ACME v2 is now supported via the 'acme-tiny' Python script - existing ACME PKI
realms will need to be recreated to support new Let's Encrypt API endpoints,
see the upgrade notes for details.
There were significant changes related to the '/proc' filesystem in the
'debops.proc_hidepid' role. DebOps now configures the 'procadmins' group
with
a static GID 70, which allows synchronization of the '/proc' access between
a LXC host and LXC containers. The role will also ensure that the
/proc/sched_debug' file is not world-readable anymore to disabllow information
leakage to unprivileged users or unprivileged LXC containers. The
'debops.proc_hidepid' role will also check if '/proc' filesystem changes
are
allowed, which should improve support for DebOps in unprivileged LXC
containers.
The bug in 'debops.nginx' related to change in Jinja2 library behaviour has
been fixed, you can now use Jinja2 2.9+ versions without issues.
The 'debops.sysctl' role was refreshed and now uses custom filter plugins
provided by DebOps to manage configuration. It will also check which kernel
parameters can be modified in the current context (host, VM, LXC container)
and only configure the parameters that are allowed.
A custom hook system has been added to the 'debops.ifupdown' role. The first
hook, 'filter-dhcp-options', can be used to selectively apply DHCP options
received from the DHCP server per network interface - useful with multiple
networks with DHCP servers.
Plans for the next release
--------------------------
The test suite used on Travis-CI needs to be revamped because the test
installs an old version of the 'debops' package instead of the "current"
one.
Due to this the above mentioned quick fix was needed. Additionally, at the
moment the whole test is repeated three times, however that doesn't have to be
the case - linting, Docker image and documentation could be tested just once,
in paralell with different Python version tests.
Since Python, shell and YAML code is covered in the test suite, I would like
to add 'ansible-lint' with a set of custom rules that describe the current
DebOps practices. Additionally, roles could be verified with 'testinfra' and
additional set of tests after the playbook execution is done in GitLab CI.

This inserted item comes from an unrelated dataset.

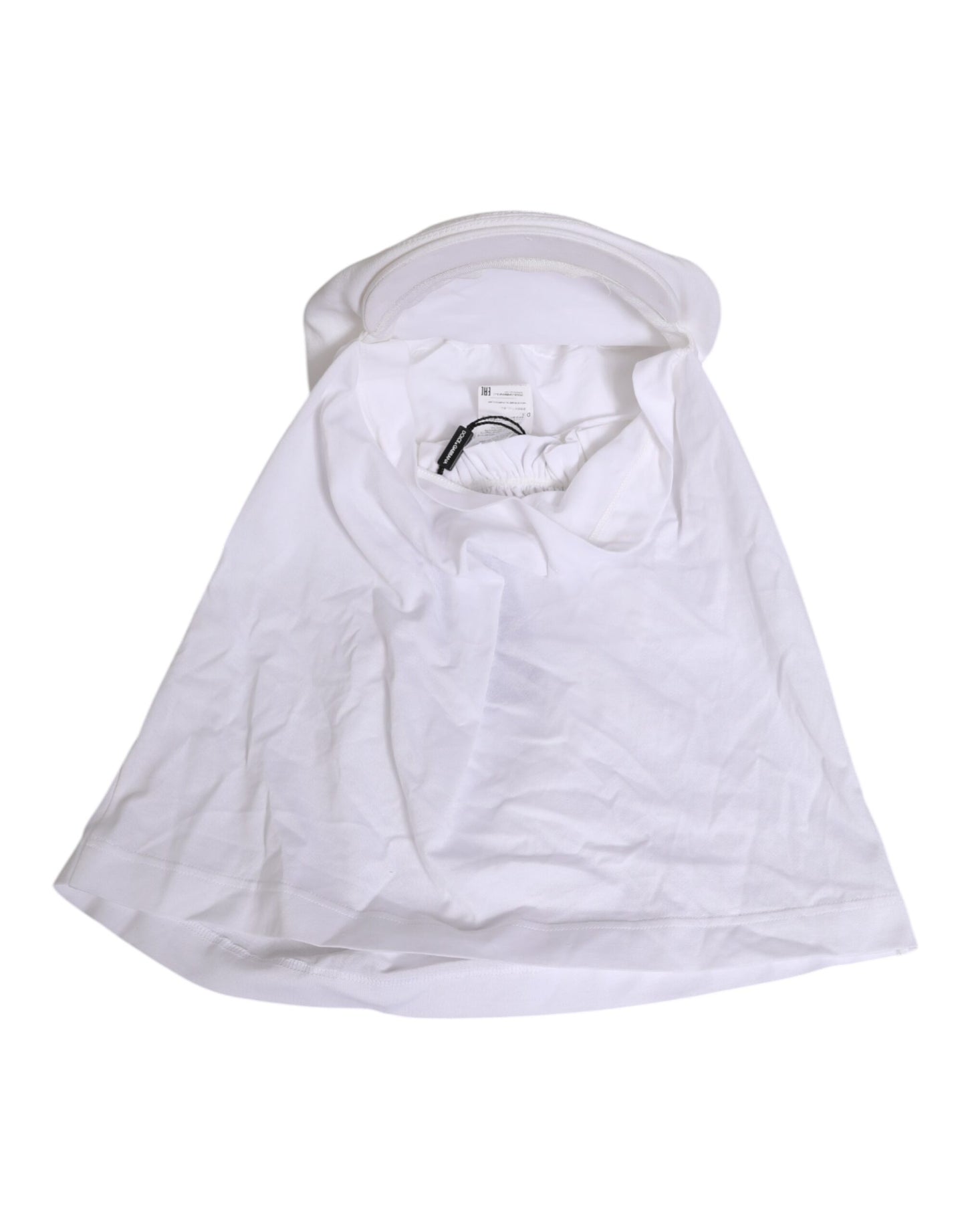 Dolce & Gabbana White Cotton DG Logo Plaque Baseball Balaclava Hat Curated Luxury Accessories by Orvyn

There's still lots of documentation to be written, especially that the
installation instructions need to be updated. In this release cycle I'll try to
move the DebOps Guidelines and Policies into their proper place in the docs, so
that they can be properly referenced. Some of them will most likely receive
their own 'ansible-lint' tests as well.
Recent changes at work prompted me to rethink now DebOps manages networks and
IP forwarding. Right now in the 'debops.ifupdown', 'debops.ferm' and some
other
roles there exist a concept of "public" ie. default, and "private"
ie.
additional network, but this is counter-productive in more complicated
environments where, for example, the default network is internal and therefore
not "public". I'll try to revisit these roles and see if they can be changed
to
manage networking more effectively with the new concepts in mind.
IP forwarding is currently enabled globally in 'debops.ferm' role, however this
seems to be a bad fit since the role needs additional variables to track the
state of forwarding between runs. Moving the forward configuration entirely
into 'debops.ifupdown' role and making it configurable per-interface seems to
be a better solution than the current one. The improved 'debops.sysctl' role
can then be used to configure IP forwarding in the kernel per interface, via
generated dependent configuration similarly how 'debops.ifupdown' is currently
configuring 'iptables' via generated configuration for 'debops.ferm'.